Complete required trainings
Hiring managers and others involved in the hiring process such as interviewers are required to complete the Implicit bias training.
Step 1: Create position
For new positions, the first step is to create a position in Workday. Follow the instructions for Create Position – Staff Campus or Create Position – Medical Centers. You may create a new position and a requisition simultaneously by selecting create a requisition and indicating it is for a new position. Contact hrhelp@uw.edu if you need assistance, or in the medical centers, you may contact your recruiter.
- Classified staff positions are assigned a job classification and must use Classified Job Profiles and Class Specifications.

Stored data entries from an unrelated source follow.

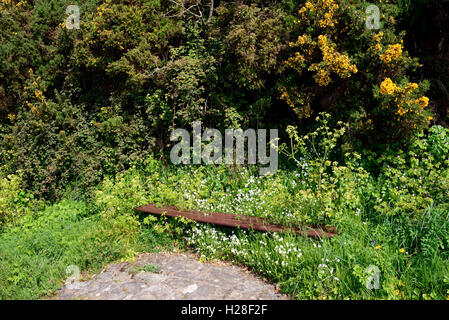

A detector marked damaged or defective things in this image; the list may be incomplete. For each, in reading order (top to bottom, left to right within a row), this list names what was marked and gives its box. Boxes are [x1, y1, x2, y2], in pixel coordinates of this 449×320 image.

rusty metal rail [133, 204, 336, 239] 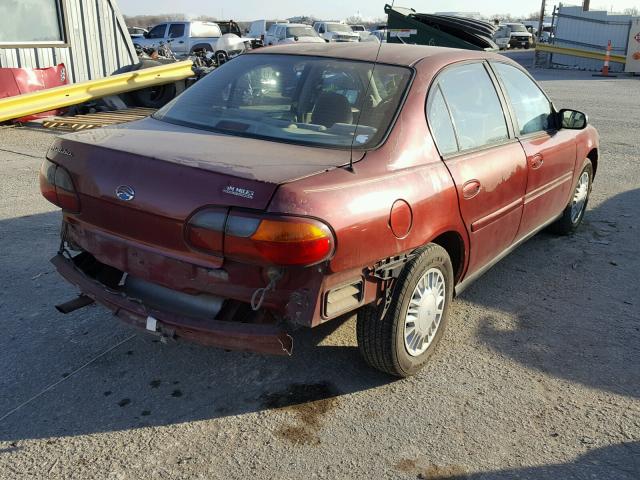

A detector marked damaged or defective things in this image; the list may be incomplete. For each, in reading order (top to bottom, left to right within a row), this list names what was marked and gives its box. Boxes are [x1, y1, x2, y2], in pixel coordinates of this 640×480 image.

damaged maroon sedan [41, 44, 600, 376] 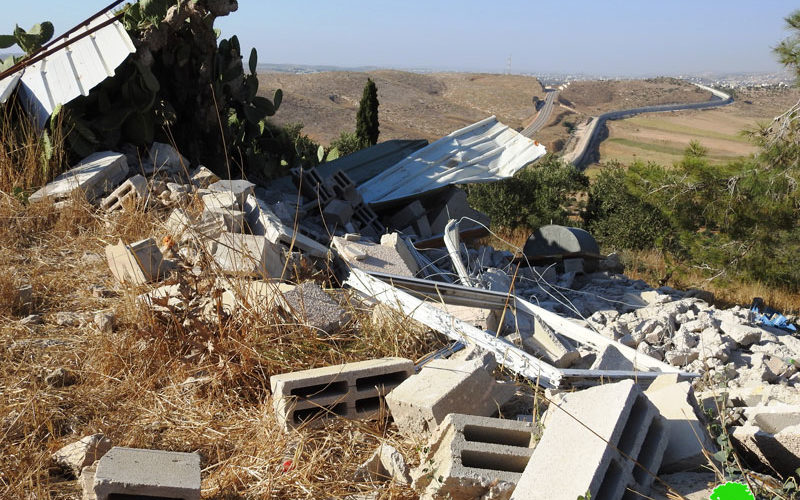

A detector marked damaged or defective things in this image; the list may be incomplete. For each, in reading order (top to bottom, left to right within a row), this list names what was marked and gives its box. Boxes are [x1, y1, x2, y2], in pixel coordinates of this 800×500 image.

broken roof sheet [0, 13, 135, 128]
broken concrete slab [28, 153, 128, 206]
broken concrete slab [99, 174, 148, 211]
broken roof sheet [360, 116, 548, 207]
broken concrete slab [104, 238, 169, 286]
broken concrete slab [212, 232, 284, 280]
broken concrete slab [332, 235, 418, 278]
broken concrete slab [282, 284, 350, 334]
broken concrete slab [51, 432, 112, 478]
broken concrete slab [90, 448, 200, 498]
broken concrete slab [272, 358, 416, 432]
broken concrete slab [354, 446, 410, 484]
broken concrete slab [388, 356, 520, 442]
broken concrete slab [412, 414, 536, 500]
broken concrete slab [512, 380, 668, 498]
broken concrete slab [648, 376, 716, 472] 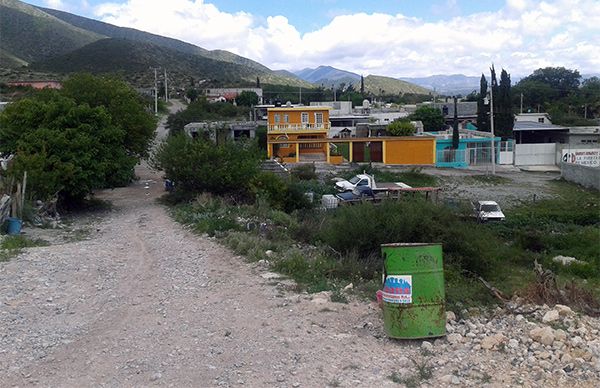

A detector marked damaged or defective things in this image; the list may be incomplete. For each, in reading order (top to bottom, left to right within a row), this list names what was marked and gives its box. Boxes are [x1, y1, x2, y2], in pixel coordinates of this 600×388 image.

rusty barrel [382, 244, 442, 338]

- Professional staff and represented civil service exempt staff positions are exempt from the state civil service system. For a position to be exempt from civil service it must meet one or more of the legislatively authorized exemption criteria. Professional staff positions must use Professional Staff Job Profiles and Represented Civil Service Exempt Staff Job Profiles and Class Specifications.
Step 2: Create requisition
Once you have created the position in Workday or if you are replacing a current position, the next step is to create your requisition in Workday. Follow these instructions and contact hrhelp@uw.edu if you need assistance: Job Requisition – Existing Position – Staff Campus or Job Requisition – Existing Position – Medical Centers.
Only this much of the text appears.